Я не написал ни одной статьи с полным самозабвением в своей идее: бессознательное предчувствие неуспеха – и более того – успеха всегда волновало мою кровь, усиливало и напрягало мои умственные силы, как прием опиума. И между тем я унизился бы до пошлого смирения, оклеветал бы себя самым фарисейским образом, если бы стал отрицать в себе живое и плодотворное зерно любви к истине: все мои статьи были плодом этой любви, только самолюбие всегда тут вмешивалось и играло большую или меньшую роль».
Так Белинский писал Бакунину 16 августа 1837 г, а мне кажется, что это писано мной и про меня.
Почти две недели прошло, как я произнес речь на выездном заседании Секретариата СП РСФСР в Ленинграде, а до сих пор живу и терзаюсь ощущением, что мог бы сделать ее и получше. Речь была хорошо воспринята – десятки писателей подходили поздравить и пожать руку, а все же, доведись мне выступить теперь, я сделал бы ее по-иному.
Я говорил о правдивости обстоятельств в книгах о войне.
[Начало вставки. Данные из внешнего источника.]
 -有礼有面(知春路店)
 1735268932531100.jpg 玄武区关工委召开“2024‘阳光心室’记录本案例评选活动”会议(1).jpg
И в качестве примера сослался на повесть Б. Васильева «А зори здесь тихие», где этот святой принцип нарушен легкомысленно и грубо.
Но почему я не говорил очень важное? Почему не сказал, что взял для примера сознательно не слабую, а наиболее сильную и интересную повесть о войне, появившуюся в последние годы?
Завистливые и глупые обрадовались – вот, дескать, ловко раздел хваленного и перехваленного «таланта» … Нехорошо получилось.
Б. Васильев действительно, талантлив, хотя и работает так, что его метода обращения с материалом грозит серьезными последствиями литературе. К сожалению, он не одинок в этом. Взять недавний разговор на эту тему с М. Тарасовым, который главным в литературе считает (даже в прозе!) эмоции, выразительность, остроту, а правдивость или соотносимость книги с реальной жизнью полагает пустяком, фактором маловажным, подчиненным и всецело зависящим от авторского произвола. Даже в книгах о войне многие исповедуют принцип, что «ради красного словца не пожалею мать и отца…»
За последнее время я перечитал многие тысячи страниц, выискивая трактовку этой проблемы у Пушкина, Толстого, Белинского и до наших дней. Крайне рад, что не обманулся в предчувствиях, на которых была основана моя собственная писанина и работа…
26 февраля 1973 г. (понедельник)
Мелочи, детали, штрихи поведения…
Они ли создают характер в художественном произведении, или характер рождает их, предопределяет все эти мелочи?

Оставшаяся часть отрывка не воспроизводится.